▶ [Task instructions] Apart from the pictures, write out all the records exactly.
--
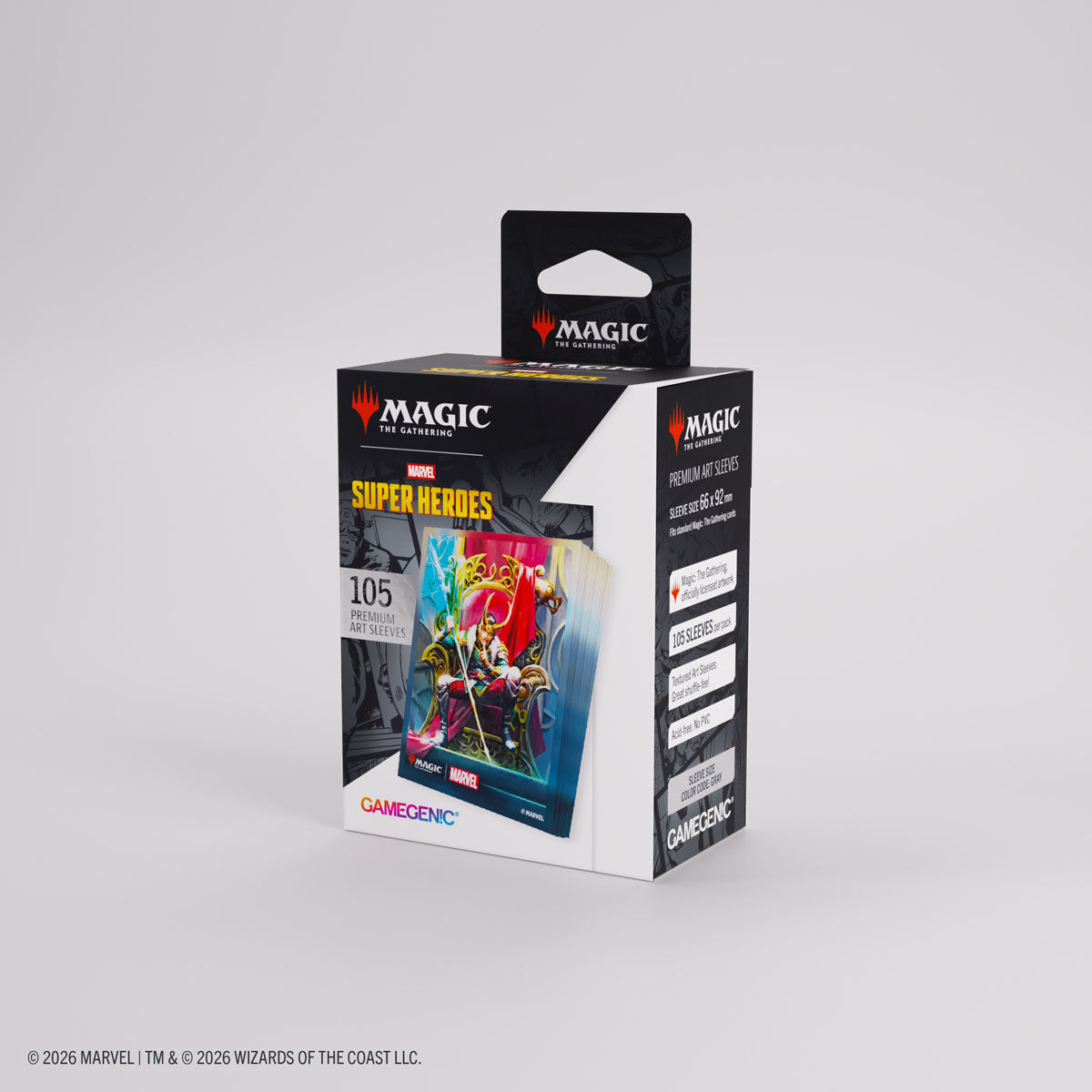 Gamegenic | Marvel Super Heroes - Loki | Premium Art Sleeves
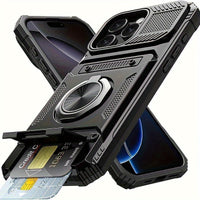 iPhone 17 Shockproof Case with Card Slot - For iPhone 17, 17 Air, 17 Pro, 17 Pro Max
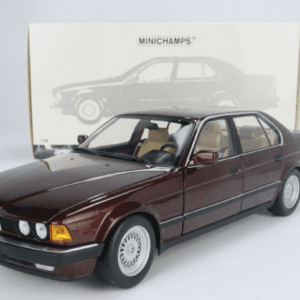 1/18 Minichamps 1986 BMW 730i (E32) (Dark Red) Live Car Model Karson Diecast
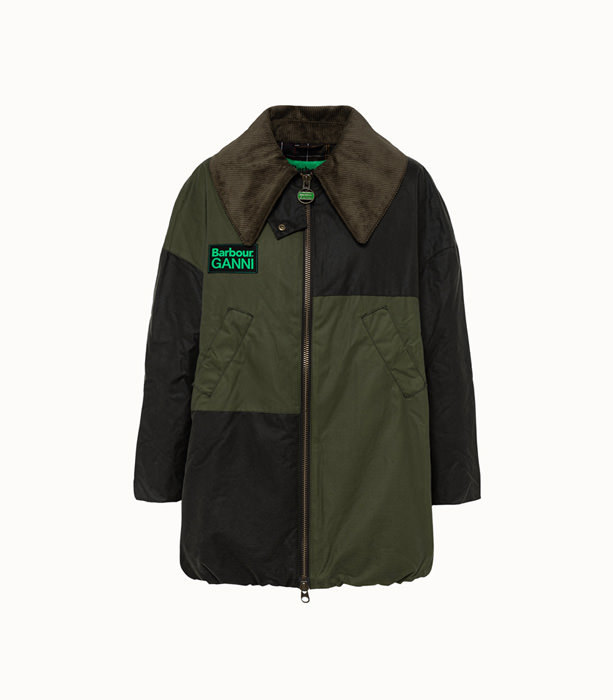BARBOUR: BARBOUR X GANNI WAXED BOMBER JACKET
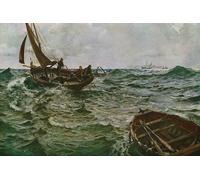 ARToPHIIU Abstract Art Picture Art Print Poster Painting for Wall Adrift by Charles Napier Hemy Painting on Canvas for Home Decor 60x90cm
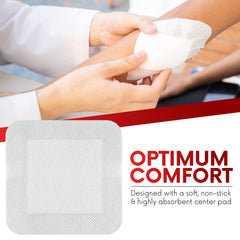 HEALQU comparación de tamaño 2x2 ideal para cortes pequeños y suturas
--
▶ [Solution]
 Gamegenic | Marvel Super Heroes - Loki | Premium Art Sleeves
 iPhone 17 Shockproof Case with Card Slot - For iPhone 17, 17 Air, 17 Pro, 17 Pro Max
 1/18 Minichamps 1986 BMW 730i (E32) (Dark Red) Live Car Model Karson Diecast
BARBOUR: BARBOUR X GANNI WAXED BOMBER JACKET
 ARToPHIIU Abstract Art Picture Art Print Poster Painting for Wall Adrift by Charles Napier Hemy Painting on Canvas for Home Decor 60x90cm
 HEALQU comparación de tamaño 2x2 ideal para cortes pequeños y suturas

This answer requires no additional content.